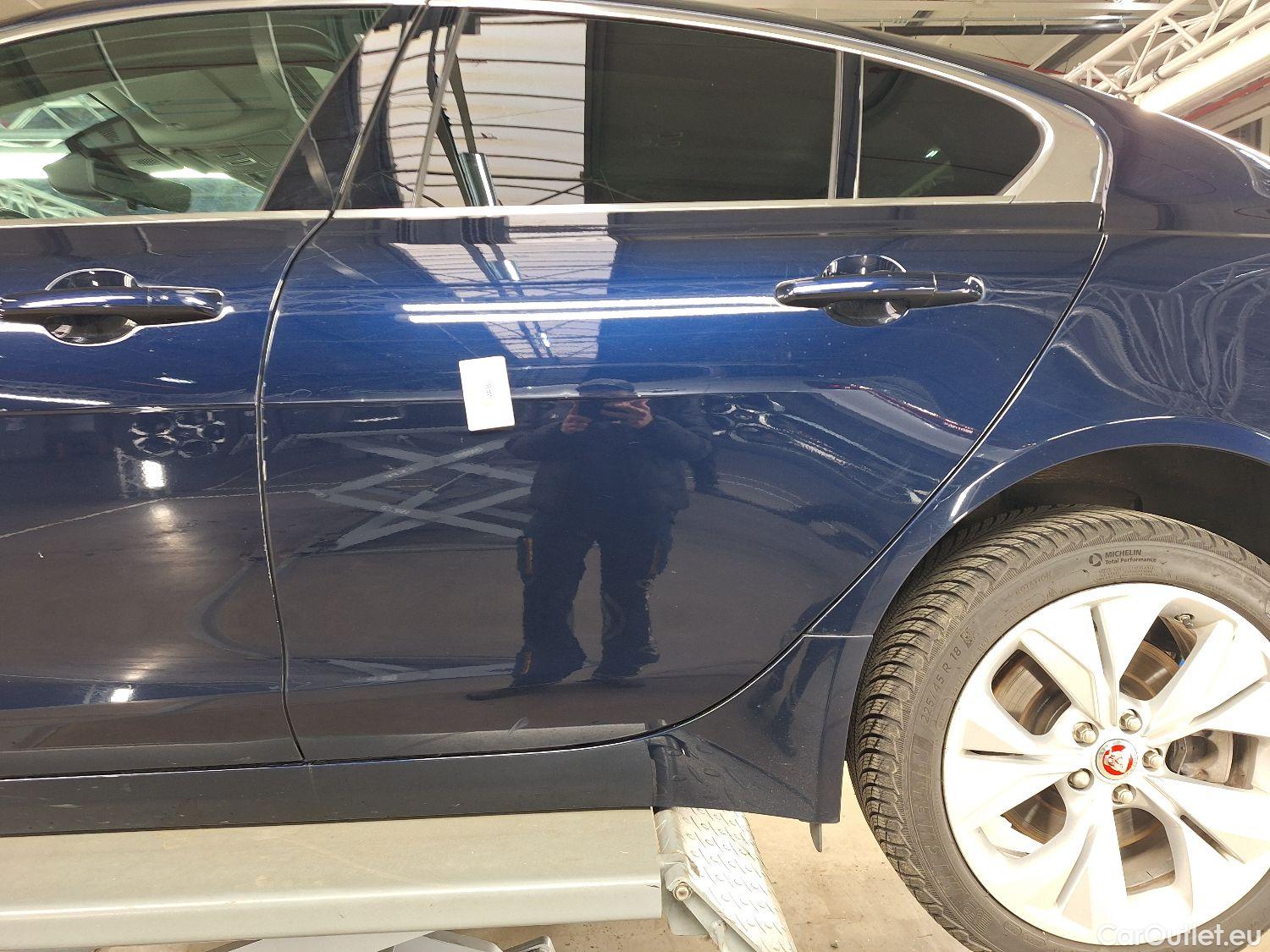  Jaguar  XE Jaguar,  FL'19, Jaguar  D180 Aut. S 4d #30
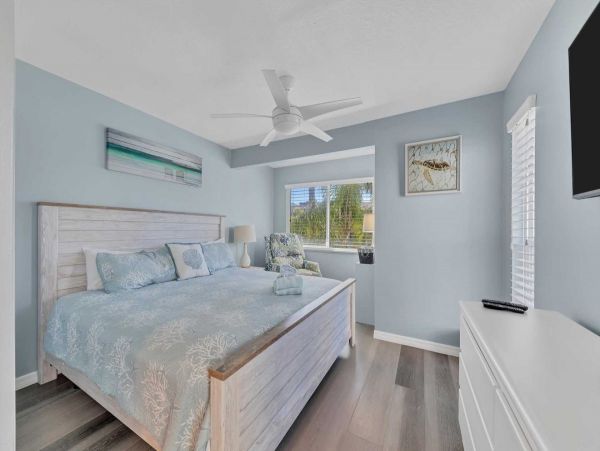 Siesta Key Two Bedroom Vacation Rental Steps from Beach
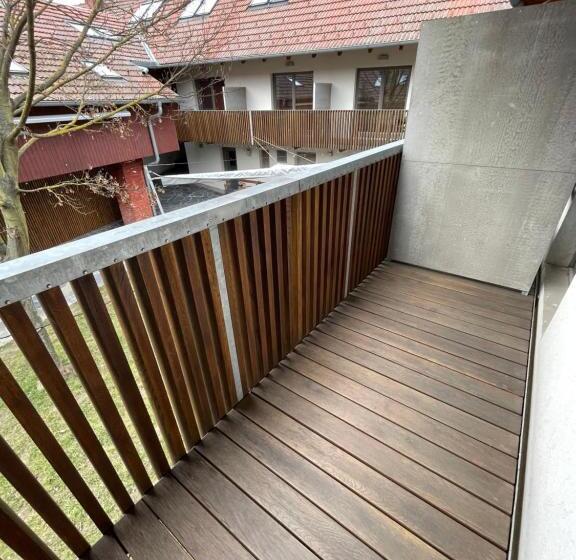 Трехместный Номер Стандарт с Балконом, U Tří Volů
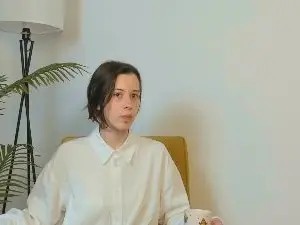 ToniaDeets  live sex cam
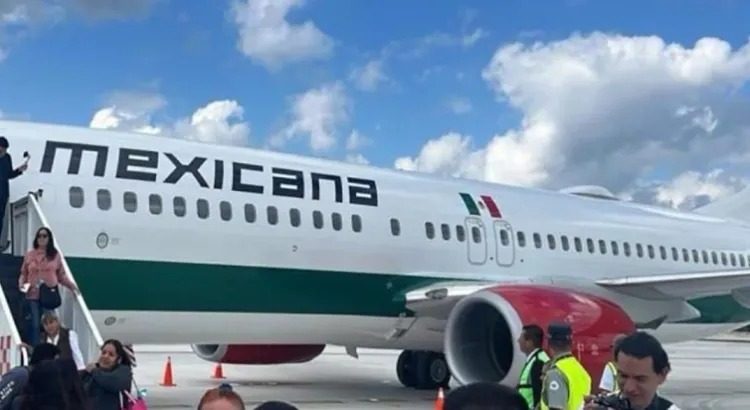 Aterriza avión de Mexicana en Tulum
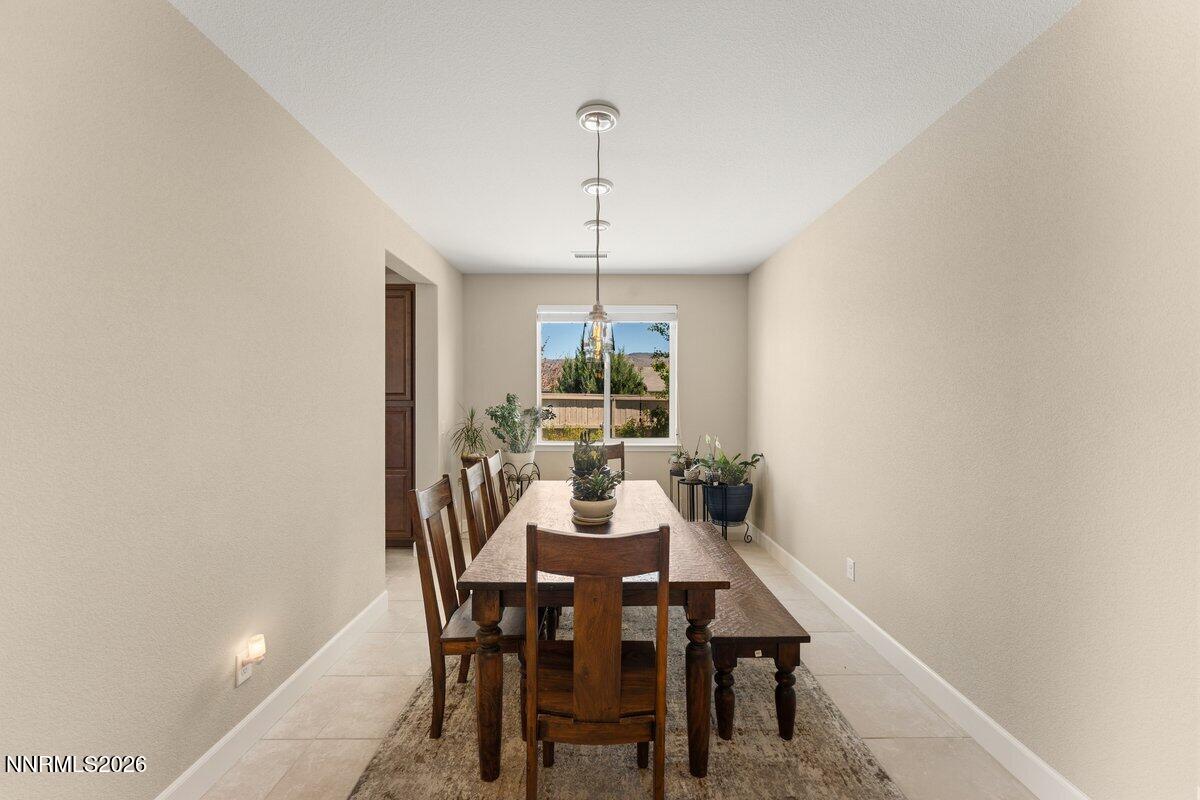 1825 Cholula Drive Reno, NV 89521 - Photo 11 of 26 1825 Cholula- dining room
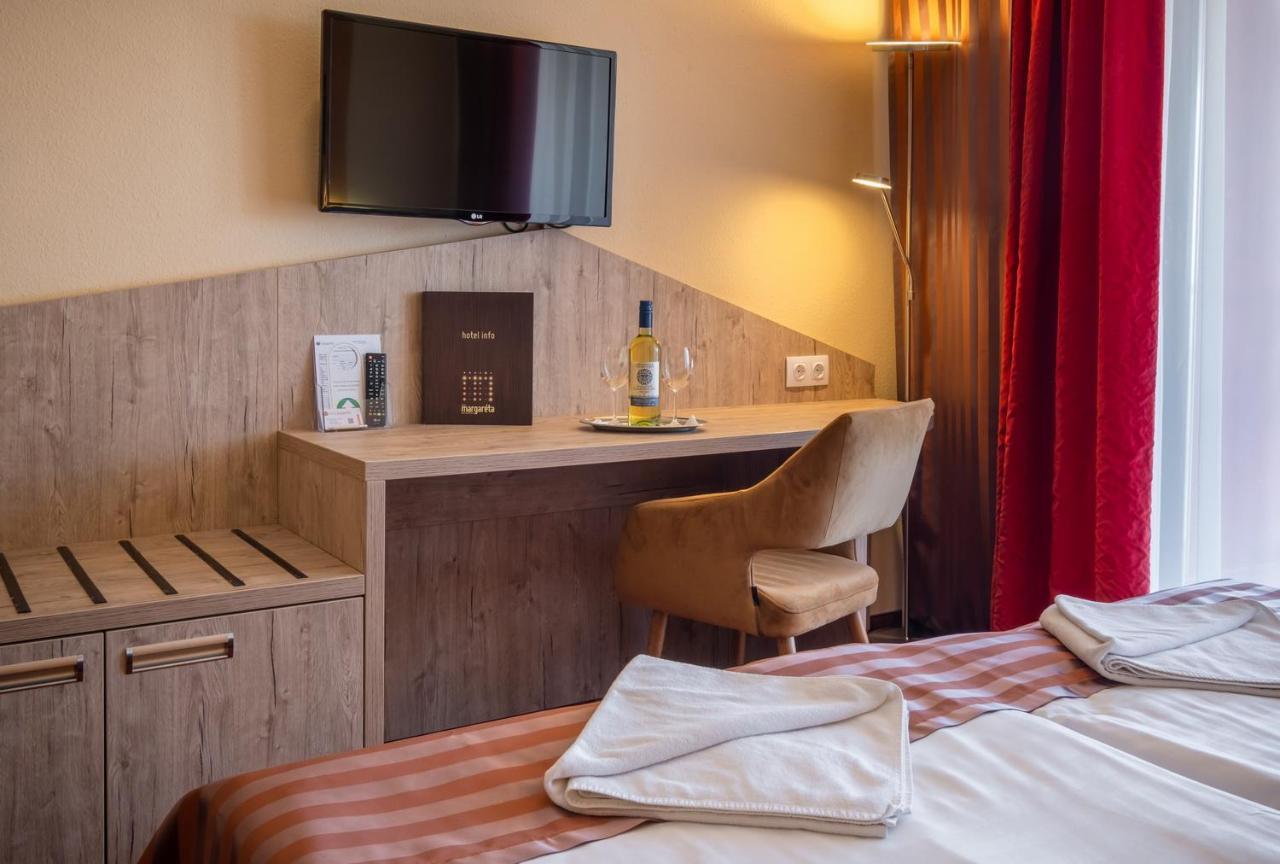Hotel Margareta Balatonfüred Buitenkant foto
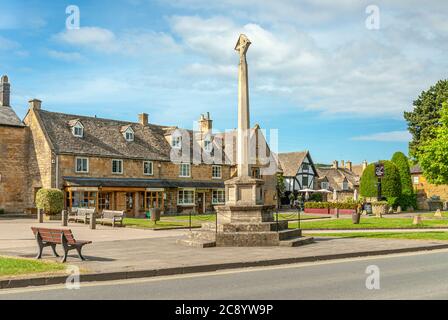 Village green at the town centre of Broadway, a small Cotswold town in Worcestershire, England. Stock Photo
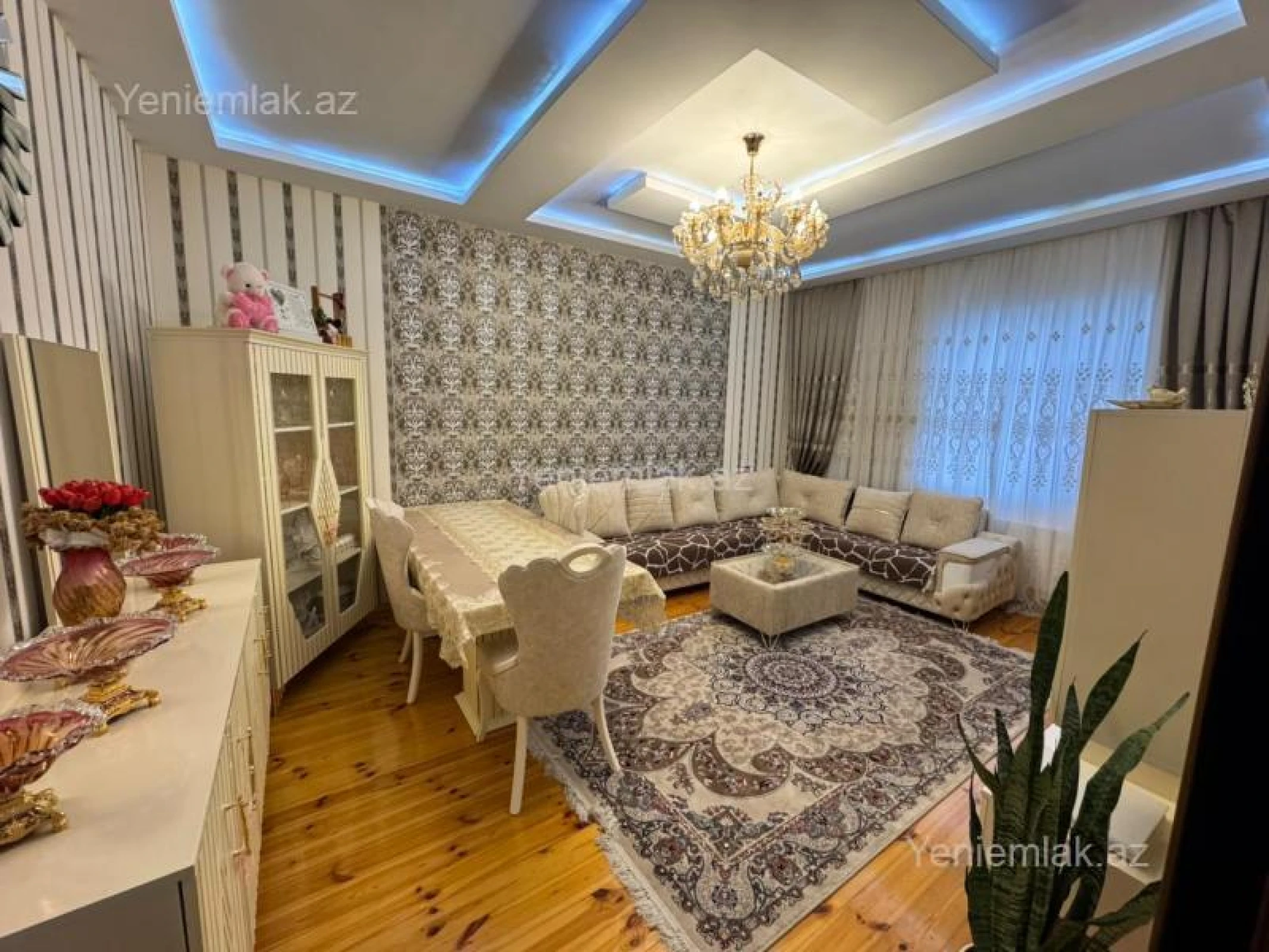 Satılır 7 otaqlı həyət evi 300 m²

------------

• **TRY IT**:
Find the line that contains "Hotel Margareta Balatonfüred Buitenkant foto". Copy it and every line after it through the end of the listing exactly, but not the pictures.

• **ANSWER TO THIS TASK**:
Hotel Margareta Balatonfüred Buitenkant foto
 Village green at the town centre of Broadway, a small Cotswold town in Worcestershire, England. Stock Photo
 Satılır 7 otaqlı həyət evi 300 m²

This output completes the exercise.